19:00 夫とともに産婦人科医師団と面談。カンファレンスルームにて。
      橋本医師、上田医師、新野医師が出席。
      

この時までに今回の件を院長に報告すると聞いていたのに、実は全く報告していなかったことが、後日、夫が院長に面会した際に判明。

 手術所見、説明の要約書の下書きを見せてもらい直してほしい部分を指摘する。
 子宮動脈と「判断」「誤認」(あくまでも間違った判断だから)
 尿管が子宮動脈と類似した部位を走行→単なる言い訳なので不要 など。

 手術時の事についても再度説明を求める。
 尿管切断に気付くまでの時間は?→ 数分後に気付いた
 修復開始は?→ 約30分後〜60分後、子宮摘出後

言いたいことは結構言った。が、一番、不愉快だったのは、上田医師が「数%の確率で起こることだから。」と統計上の数字を出して逃げようとしたこと。不運だった、諦めろという意味。無責任だ。「では、青森市民病院はその数%のレベルでしかないのですね!」と言うと、ずっと下を向いて黙っていた執刀医、新野医師苦笑い。

今後の予定は 2月26日 退院  3月10日ごろ婦人科診察
       3月7日 体内のカテーテル抜去
       その後、水腎症などにならないか数ヶ月様子を見る。

B>2月24日(木)
 相変わらず1時間から一時間半ごとの頻尿、排尿痛に苦しむ。
昨夜は、消灯後、眠ろうとしてもトイレに行きたくなり眠れぬまま2回、眠ってからも2回トイレに起きて合計4回。つらい。眠れないのはかなりつらい。用を足して、洗った手を拭くミニタオルもすぐビチョビチョ。尿はさらに濁って来た感じ。カップに採って見ると白い固形物がふわふわ浮いている。

2月25日(金)
 昨夜のトイレは2回。前の日よりも、幾らかは眠れた。

 夕方、橋本医師が来て、「明日の土曜、本来なら休みのところ、院長が出てくるので、お話しましょう。」とのこと。明日、回診後、会うことにする。     

院長が報告を受けたのは、この日が最初だったという。

2月26日(土)
 頻尿、排尿痛、相変わらず凄まじい。

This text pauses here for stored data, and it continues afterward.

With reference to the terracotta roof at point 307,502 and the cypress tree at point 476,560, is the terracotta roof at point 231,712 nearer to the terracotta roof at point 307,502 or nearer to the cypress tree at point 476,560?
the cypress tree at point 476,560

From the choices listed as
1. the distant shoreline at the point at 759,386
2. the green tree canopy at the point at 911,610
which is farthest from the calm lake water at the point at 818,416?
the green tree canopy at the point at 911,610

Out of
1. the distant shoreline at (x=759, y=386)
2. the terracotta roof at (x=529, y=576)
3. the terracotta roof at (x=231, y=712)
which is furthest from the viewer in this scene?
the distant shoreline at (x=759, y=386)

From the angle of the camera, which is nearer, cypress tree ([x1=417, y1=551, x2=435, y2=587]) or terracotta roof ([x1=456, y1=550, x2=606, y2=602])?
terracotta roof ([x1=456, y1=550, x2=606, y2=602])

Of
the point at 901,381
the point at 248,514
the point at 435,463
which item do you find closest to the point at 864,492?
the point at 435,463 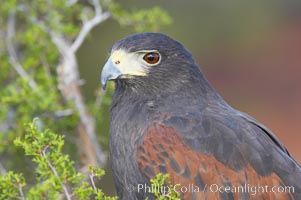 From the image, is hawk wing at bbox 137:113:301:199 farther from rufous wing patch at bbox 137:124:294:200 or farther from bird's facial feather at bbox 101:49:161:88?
bird's facial feather at bbox 101:49:161:88

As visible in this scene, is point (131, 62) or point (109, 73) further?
point (131, 62)

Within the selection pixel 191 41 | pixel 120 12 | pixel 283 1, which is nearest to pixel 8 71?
pixel 120 12

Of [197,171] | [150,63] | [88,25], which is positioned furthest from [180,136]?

尿の濁り、ますますひどくなってる気がするんだけど、検査とかしなくていいのかな。退院延びるのはイヤだけど。

 やっと退院の日にこぎつけた。昨夜、全然眠れず具合悪い。ぐったり。あー、もう一刻も早く家に帰りたい。体重は入院時に比べ、5.5キロ減った。筋腫を取った分の2キロよりもっと痩せた。鏡を見ると、首のあたりが皺っぽい。ああババアくさい。
 もうクタクタで、私、駄目だ。院長とに面会は、夫に代表で行ってもらおうか。

 回診前、主任看護婦さんがレントゲン写真とタクシーチケットを持ってきた。4枚だけ。つまり2往復だけ。それだけの通院で終わるのかな?自宅の場所を訊かれ、経路を書き込まれる。

 今日の産婦人科病棟は変。いつもの回診開始のアナウンスが無い。(普段は9:30から)
9:40過ぎ、まだはじまっていないのかと思い、冷蔵庫の整理に行くと、看護婦さんが「回診もうはじまってるよ。順番もうすぐよ。お部屋に戻って。」と言われる。急いで戻ると、すぐに、橋本医師と新野医師が来た。テーブルの上の封筒(レントゲン&TAXIチケット)を見て驚き、「これは改めて後からお渡ししますから。」とあわてて持って行った。回診は私の病室は10:00前に終了。
 10:00 夫が到着。一緒に、院長先生と面会するのに回診が終わるのを待つ事にする。(産婦人科の医師も同席すると言うので)
ところが今日の回診はなかなか終わらず、誰も、連絡に来ない。(いつもは10:30くらいに終わるんだけど)
 11:00 いくら何でももう終わったんじゃないかと思い、6人部屋の顔見知りの人達の所へ退院の挨拶にいく。何人かと話してたら、橋本医師、新野医師が入ってきた。私が持ってるお菓子の袋を見て「配給ですか?」。なんとここはこれから回診!なんでこんな時間に?今日は本当におかしい。

   さらにさらに待たされ、お呼びがかかったのは11:30ぐらい。私はもうぐったりだったので、夫に行ってもらった。
暫くして、夫が怒って戻ってきた。なんと

「院長、10:00に病院に出ては来たんですが、その後用事が出来て、帰っちゃいました。補償については、医事課に相談して下さい」

さっきのおかしな回診は、時間引き延ばし作戦だったんだ!
「帰った院長を呼べ!」そう言って、一旦部屋を出てきたという。 もうブチ切れた。もうイヤ!家に帰して! 夫に頼んで送ってもらう。「もうちょっとガマンして待てないのか?」夫はそれが気にいらなくて怒る。途中なのに私が我儘だという。
私だって限界なのよぉ・・。肉体的にも精神的にも限界で、とにかく家で休みたいの・・・。

 その後、再び夫は病院へ。副院長と面会。院長とは改めて後日ということになる。ずいぶん馬鹿にされたものだ。
 病院との交渉、私が頼んだ買い物などのストレスで夫キレる。で、離婚話に発展。何も、退院の日に言わなくても・・・。

2月27日(日) 〜 2月29日(火)
 自宅療養。頻尿、排尿痛、腹部違和感、相変わらず。夕方、疲れを感じると尿が濁るような感じ。
 味覚がおかしい。何でも濃く感じられる。好きだったハーゲンダッツのストロベリーアイスもまずい。

3月1日(水)
 お昼ごろから尿が出にくくなってる感じ。排尿痛もひどい。尿も濁ってる。